THE principles to be elaborated in this part might, with some propriety, have been introduced at an earlier stage of our progress. Logically and practically they belong to the fourth chapter of the preceding part, which treats of the observation and collection of materials preparatory to induction. But as we felt unwilling to discuss in that place the various minutiae which require consideration, and as the argument could be made equally plain and conclusive by employing only general terms, we determined to reserve for a separate part the specialities there embraced under more general expressions. Another and stronger reason we shall see as we advance.
The reader who is familiar with the elaborate treatises which have been published on the elements and laws of biblical interpretation, may be disposed to think that the very few principles and rules which we are about to submit are wholly insufficient. And it is not unlikely that, when he gets through the two or three brief chapters which [276] we shall devote to the subject, he will look back, astonished and disappointed, and ask, "Where are the scores and even hundreds of rules that I have been accustomed to look upon as necessary in the expositions of Scripture?" We are sure we cannot tell, unless they are lying buried in the volumes of their authors--embalmed as the mummies of a by-gone age. Where are the cycles, epicycles, and deferents of the Ptolemaic Astronomy--that cumbrous machinery by means of which men so long and so learnedly explained the movements of the heavenly bodies? Gone glimmering among the things that were supplanted by the clear and simple law of universal gravitation. The three great laws of Kepler,--"the legislator of the skies," --may be expressed in as many lines; and even these were proved by Newton to be the necessary results of the law of universal gravitation. It is characteristic of scientific progress to generalize and simplify. And whether or not the principles and laws of this work be held to exhibit hermeneutics in the light of a science, we are satisfied that whenever it shall be done, its principles and laws will be few, general, and simple. We may recur to this subject again in the conclusion of this part, and examine a few of the rules which have hitherto been observed, for the purpose of pointing out their inefficiency and uselessness.
It may facilitate the accomplishment of our primary purpose, if we can, in the first instance, get a clear view of the object towards which we aim. And this, according to our whole argument, can best be done, we presume, by instituting a comparison. [277]

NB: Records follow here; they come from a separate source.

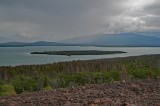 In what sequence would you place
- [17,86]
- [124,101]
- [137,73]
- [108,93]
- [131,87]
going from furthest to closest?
[137,73]
[17,86]
[131,87]
[108,93]
[124,101]

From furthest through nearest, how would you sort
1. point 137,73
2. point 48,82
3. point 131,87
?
point 137,73 < point 48,82 < point 131,87

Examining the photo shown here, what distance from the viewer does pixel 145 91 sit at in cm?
1099

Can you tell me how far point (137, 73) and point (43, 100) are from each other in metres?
18.5

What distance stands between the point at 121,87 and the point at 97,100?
102 inches

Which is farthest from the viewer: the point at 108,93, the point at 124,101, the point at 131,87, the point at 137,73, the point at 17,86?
the point at 137,73

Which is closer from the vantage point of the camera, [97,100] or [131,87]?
[97,100]

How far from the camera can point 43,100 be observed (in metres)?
9.52

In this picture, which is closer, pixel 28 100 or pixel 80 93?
pixel 28 100

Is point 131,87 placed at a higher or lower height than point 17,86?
higher

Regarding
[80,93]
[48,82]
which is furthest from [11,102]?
[48,82]

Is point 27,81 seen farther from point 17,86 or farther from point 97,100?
point 97,100

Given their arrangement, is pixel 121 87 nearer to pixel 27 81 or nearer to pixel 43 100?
pixel 43 100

Let us suppose, then, what is true in a large majority of cases, that the only information accessible to us on the science of astronomy, is that contained in books; and that we are furnished with a complete history of the various discoveries that have been made in this science from the earliest times to our own day. We read of it in its infancy, when none but its most obvious principles were recognized and recorded; and we trace it down through its subsequent and intermediate stages of development, till we come to the grand discoveries and marvelous achievements of the moderns. And now, as all these facts, circumstances, principles, and laws are in words--and most of them originally in the words of a foreign or dead language; some in Italian, French, and German; and some in Hebrew, Greek, and Latin--we ask ourselves how, from these records, are we to learn the science of astronomy? What course does common sense indicate? What principles does it lay down? What rules does it give? The answers to these questions will be, at the same time, the principles and rules of biblical interpretation; because the two cases are precisely analogous.

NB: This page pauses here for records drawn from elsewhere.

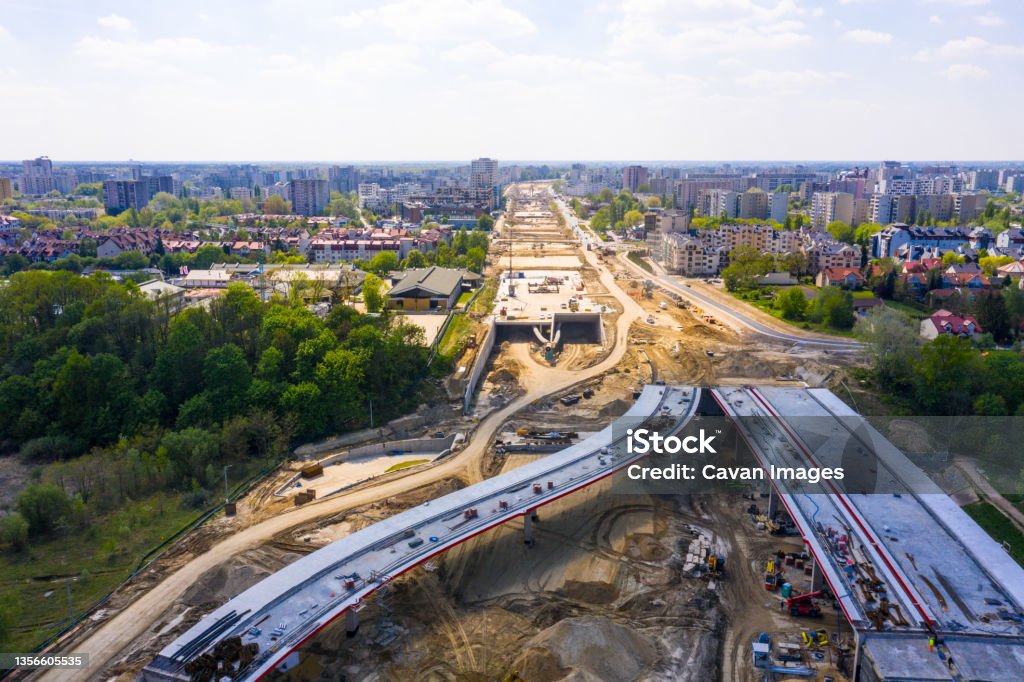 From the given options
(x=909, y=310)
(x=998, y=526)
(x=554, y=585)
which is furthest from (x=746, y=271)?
(x=554, y=585)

All the knowledge of spiritual science which is accessible to us is contained in its records. These exhibit it in periods corresponding with those of astronomy. We see first its inchoate and imperfect dawnings,--a knowledge of some of its more obvious and general principles; next a fuller and clearer, but still intermediate and unfinished development; and, finally, the full exhibition of all its principles, in perfect simplicity, completeness, and harmony. And all [278] this is in the words of languages now dead. How, then, are we to proceed in learning this higher science of the heavens? What does common sense point out as the first and indispensable consideration? Evidently, as in the former case, it is to learn the exact use and meaning of the words which are employed. And every other inquiry--whether it relate to the history of the people more immediately concerned, their manners, customs, habits, characters, or circumstances generally--will be auxiliary to, and have for its ultimate object to throw light upon, the words of the records.

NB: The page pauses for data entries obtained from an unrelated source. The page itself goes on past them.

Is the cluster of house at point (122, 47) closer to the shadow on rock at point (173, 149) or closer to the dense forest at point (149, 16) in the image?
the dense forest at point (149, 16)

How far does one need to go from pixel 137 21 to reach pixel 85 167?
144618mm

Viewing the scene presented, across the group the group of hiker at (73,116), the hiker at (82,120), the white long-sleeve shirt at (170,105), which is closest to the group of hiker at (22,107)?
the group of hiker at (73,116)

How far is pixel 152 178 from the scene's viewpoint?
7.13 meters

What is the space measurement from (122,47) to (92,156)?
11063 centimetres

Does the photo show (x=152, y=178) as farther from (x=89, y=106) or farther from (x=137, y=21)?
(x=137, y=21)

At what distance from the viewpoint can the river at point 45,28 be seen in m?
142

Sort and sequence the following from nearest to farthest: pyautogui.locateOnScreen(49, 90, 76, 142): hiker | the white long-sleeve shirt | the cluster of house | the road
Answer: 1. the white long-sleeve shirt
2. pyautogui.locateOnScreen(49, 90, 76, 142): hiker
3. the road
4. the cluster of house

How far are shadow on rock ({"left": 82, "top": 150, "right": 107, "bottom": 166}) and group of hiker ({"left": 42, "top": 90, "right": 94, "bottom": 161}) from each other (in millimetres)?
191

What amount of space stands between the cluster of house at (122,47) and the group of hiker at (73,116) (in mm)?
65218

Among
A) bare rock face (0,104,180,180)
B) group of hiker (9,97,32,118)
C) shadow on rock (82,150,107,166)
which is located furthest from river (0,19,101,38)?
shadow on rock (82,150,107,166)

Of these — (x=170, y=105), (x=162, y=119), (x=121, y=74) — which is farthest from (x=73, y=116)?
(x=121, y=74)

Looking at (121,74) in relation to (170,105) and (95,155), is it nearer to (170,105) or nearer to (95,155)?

This inquiry into the significance of words is, however, but the preparatory stage of the investigation. Its object is to supply the materials from which, by a subsequent and hither induction, we are to rise to those general laws which are the ultimate object of the whole proceeding. My purpose, therefore, in this part, is to lay down those principles and rules which will enable us to determine the use and meaning of the words employed in communicating the truths of Scripture, which, if we were correct in a position previously taken on the relation of truth to fact, will be equivalent to a knowledge of the individual facts of revelation. And as these facts are the elements of those higher generalizations which it is the object of biblical science to attain unto, it follows that the developments of this part belong logically to that chapter in the preceding which we have mentioned.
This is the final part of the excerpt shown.